Gigantic lizard (snake?) finds a new home in Centre’s Young Hall
August 12, 2010 By Leigh Ivey
Young Hall is a mosasaur, one of the many tangible examples of
Centre’s commitment to the sciences.
The installation of the mosasaur was a process that spanned
The mosasaur belongs to John Hankla, son of Danville dentist
Jack Hankla (left). Throughout the years, the Hanklas
have allowed Centre to display many of their dinosaur fossils.
When Centre College’s newly expanded and renovated Young Hall opens its doors this fall, it will reveal more than new laboratories, classrooms and workstations. Greeting students and faculty members as they enter the new lobby will be a mosasaur, cast from the actual fossil of the dinosaur-like creature.
The mosasaur is on loan from John Hankla, son of Danville resident Jack Hankla. It is part of the impressive fossil collection that Jack and John Hankla have assembled over many years. Throughout the years, the Hanklas and collectors Danny and Kirtley Settles have enabled Centre to display part of their collections of dinosaur fossils (and fossils from other ancient reptiles, such as mosasaurs) and minerals.
“We wanted to share some of the wonders of natural science with the community,” Jack Hankla says, “and what better place to do it than Centre College? I have an enormous amount of respect for the College and what it offers to Danville, the state and beyond. This wouldn’t be the same place without Centre.”
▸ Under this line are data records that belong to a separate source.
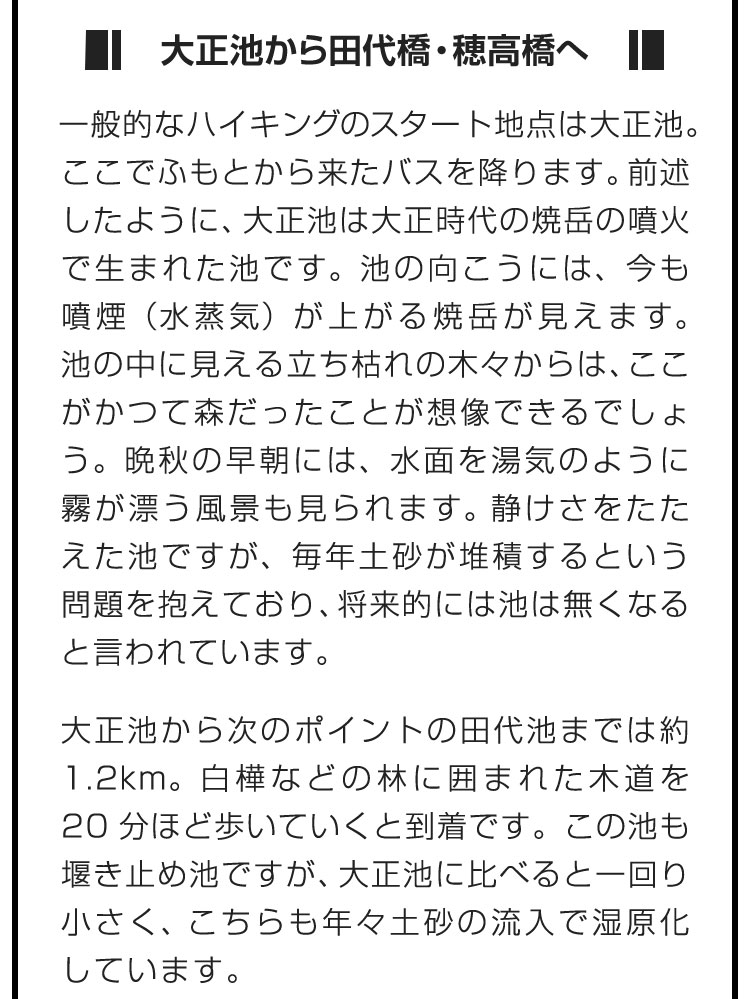 ■大正池から田代橋・穂高橋へ■一般的なハイキングのスタート地点は大正池。ここでふもとから来たバスを降ります。前述したように、大正池は大正時代の焼岳の噴火で生まれた池です。池の向こうには、今も噴煙（水蒸気）が上がる焼岳が見えます。池の中に見える立ち枯れの木々からは、ここがかつて森だったことが想像できるでしょう。晩秋の早朝には、水面を湯気のように霧が漂う風景も見られます。静けさをたたえた池ですが、毎年土砂が堆積するという問題を抱えており、将来的には池は無くなると言われています。　大正池から次のポイントの田代池までは約1.2km。白樺などの林に囲まれた木道を20分ほど歩いていくと到着です。この池も堰き止め池ですが、大正池に比べると一回り小さく、こちらも年々土砂の流入で湿原化しています。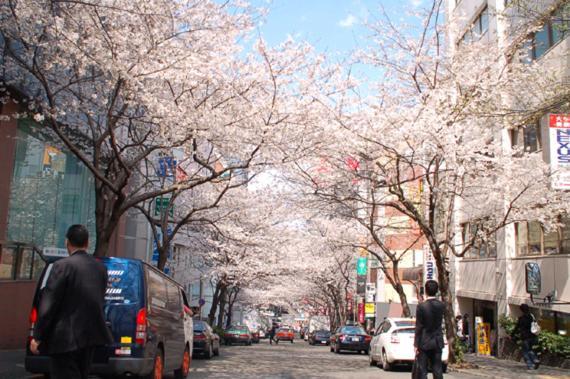 Romantic Flat In The Heart Of Shibuya / 7min Walk Tokio
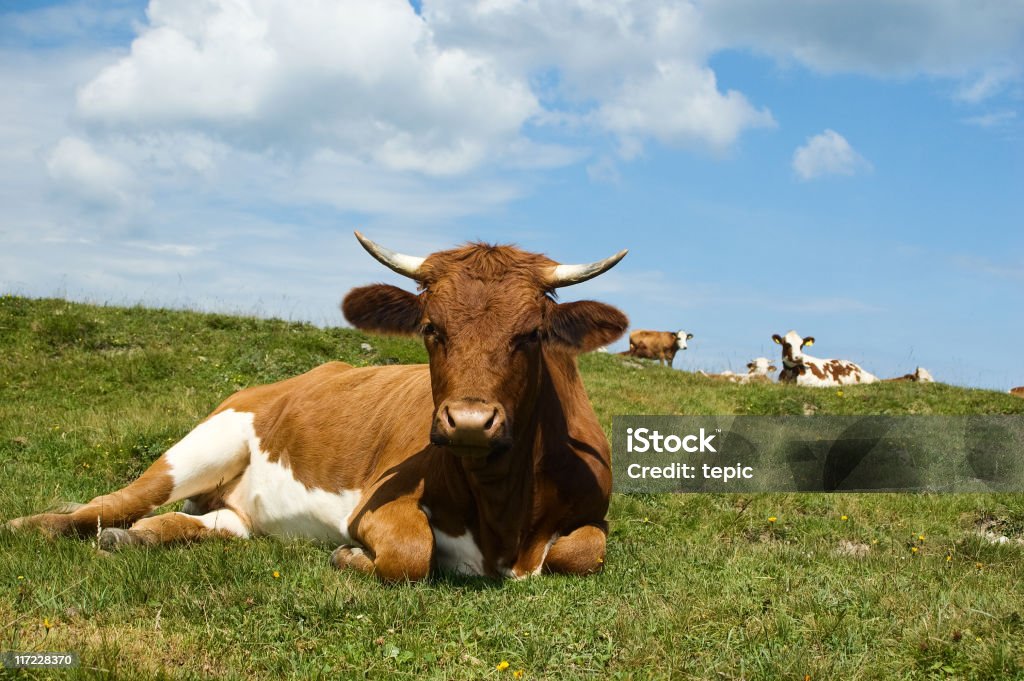 Descontraído vaca austríaco sobre um am - Royalty-free Agricultura Foto de stock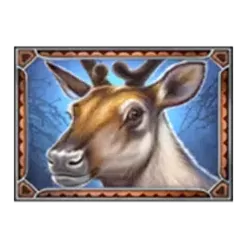 icon 2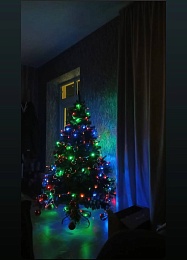 Рязанцы показали фотографии домашних ёлок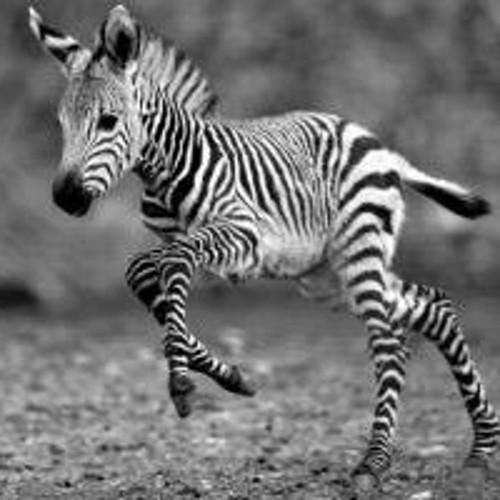 jataya_j's profile picture. 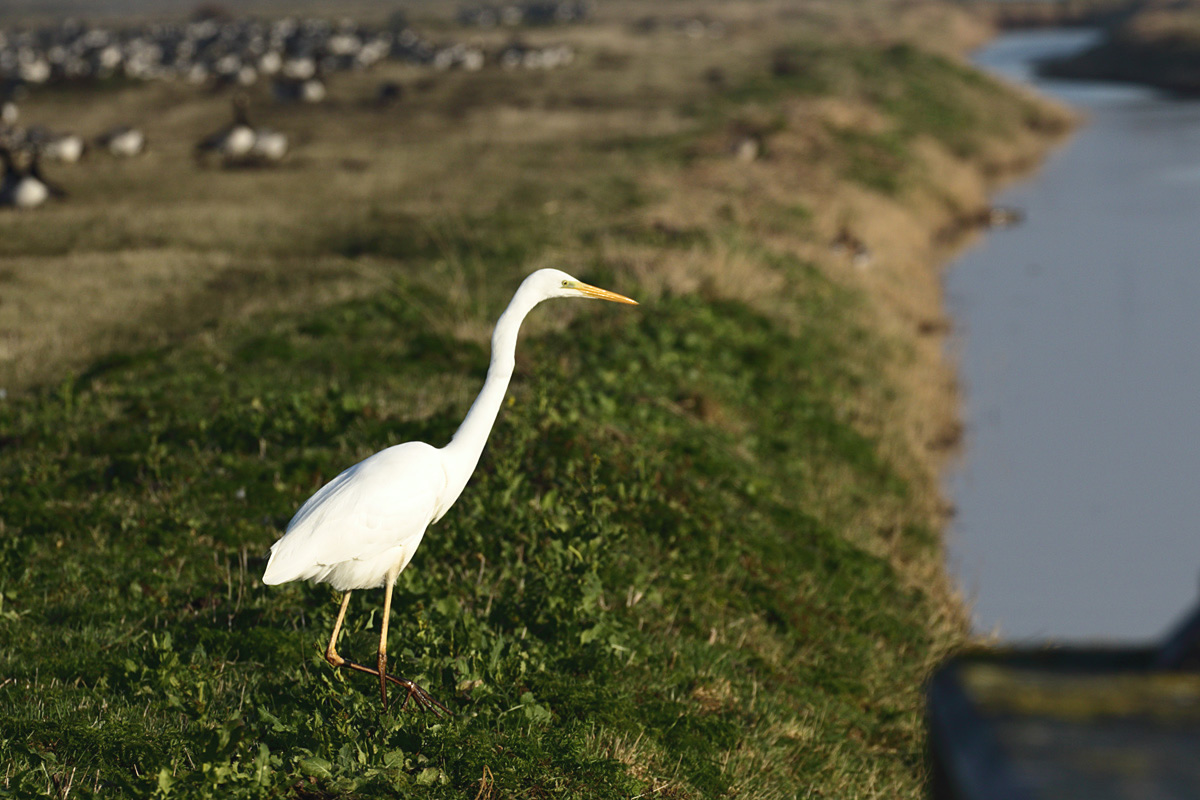 Grote Zilverreiger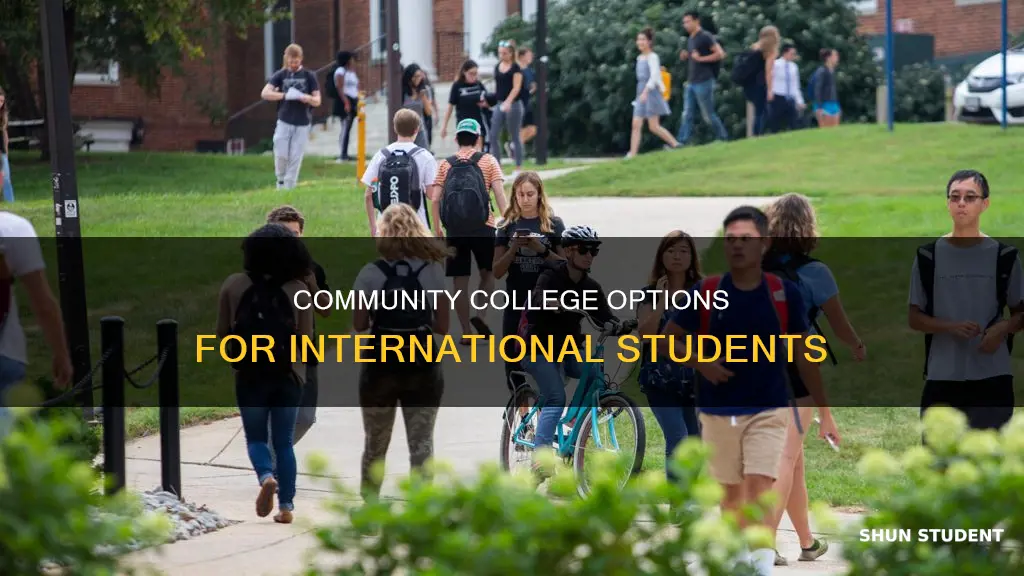 can international students go to community college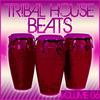 Tribal Godfather (Original Mix) - Steve Trash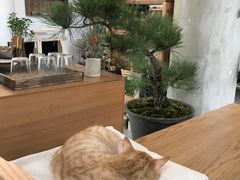 -知亘茶食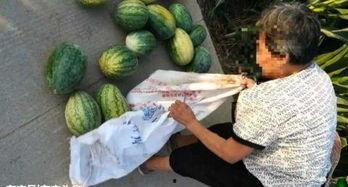吃瓜最新事件爆料山西,吃瓜群众揭秘惊天大案！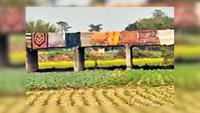 Iron & &lsquo;steal&rsquo;: Chhattisgarh bridge disappears overnight!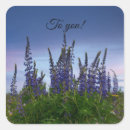 Recherche de lupin autocollants Violet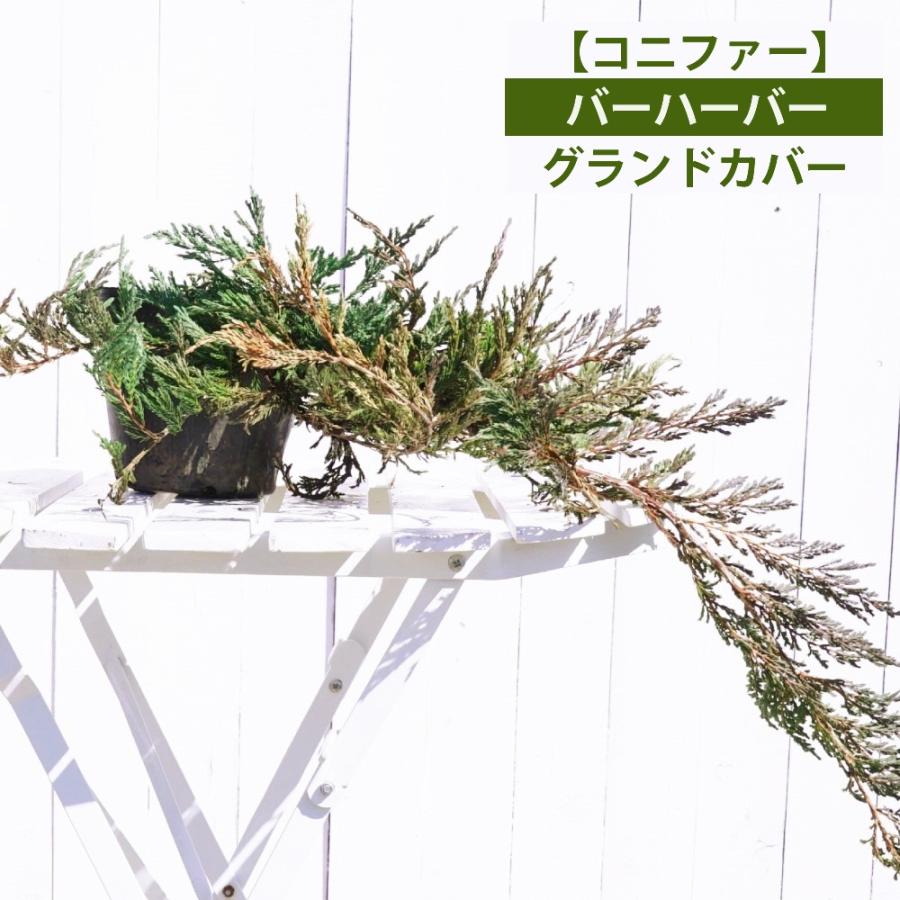 コニファー バーハーバー 5号ポット苗 Niwaki Konifa Ba Ha Ba 苗木部 花ひろばオンライン 通販 Yahoo ショッピング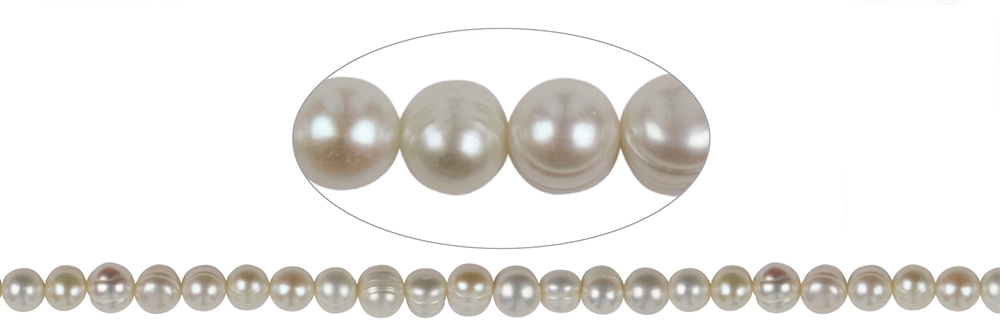 Filo Potatoe, perla d'acqua dolce AB, bianco-crema, 07-08mm Attualmente esaurito; riserviamo il vostro ordine!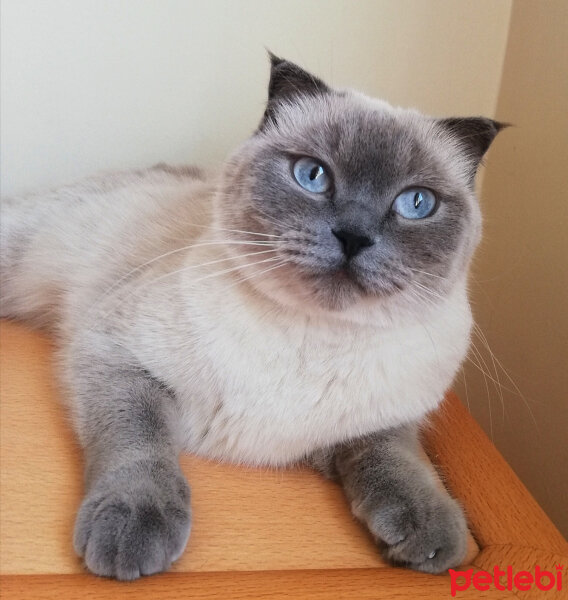 Ragdoll, Kedi  Lydia (Üzüm) fotoğrafı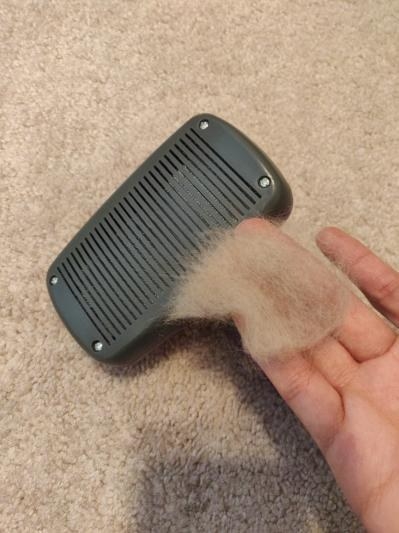 a person holding fur from the self-cleaning cat brush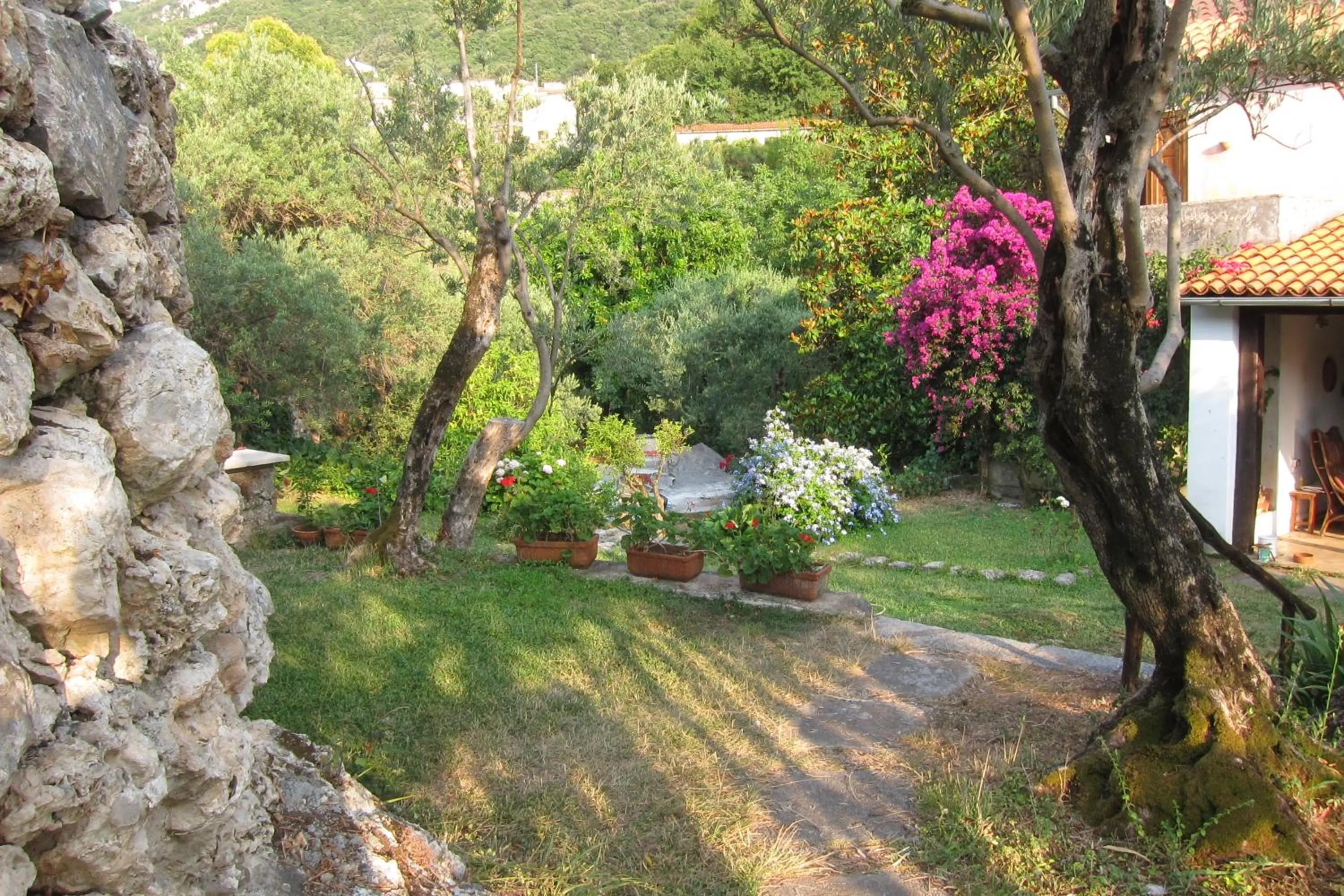 Garden in Casa Puccini B&B Maratea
Centre Stodghill Professor of Biology Mike Barton has been working with Hankla and the Settles, who have shared their amazing rock and mineral collection with the College, for several years. “They’re enthusiastic about sharing their tremendous collections with the College,” he says, “and we’ve arranged several displays of their collections on the campus.”
Centre had planned for the new addition to Young Hall to be “a sort of walk-through museum where both the Settles’ and Jack’s specimens could be displayed from the beginning,” Barton says. “In the new addition, everyone will see evidence of this in the display areas that have been built in. These will eventually be filled with an amazing assortment of minerals and fossils.”
The choice of the mosasaur hanging in the entry was Hankla’s.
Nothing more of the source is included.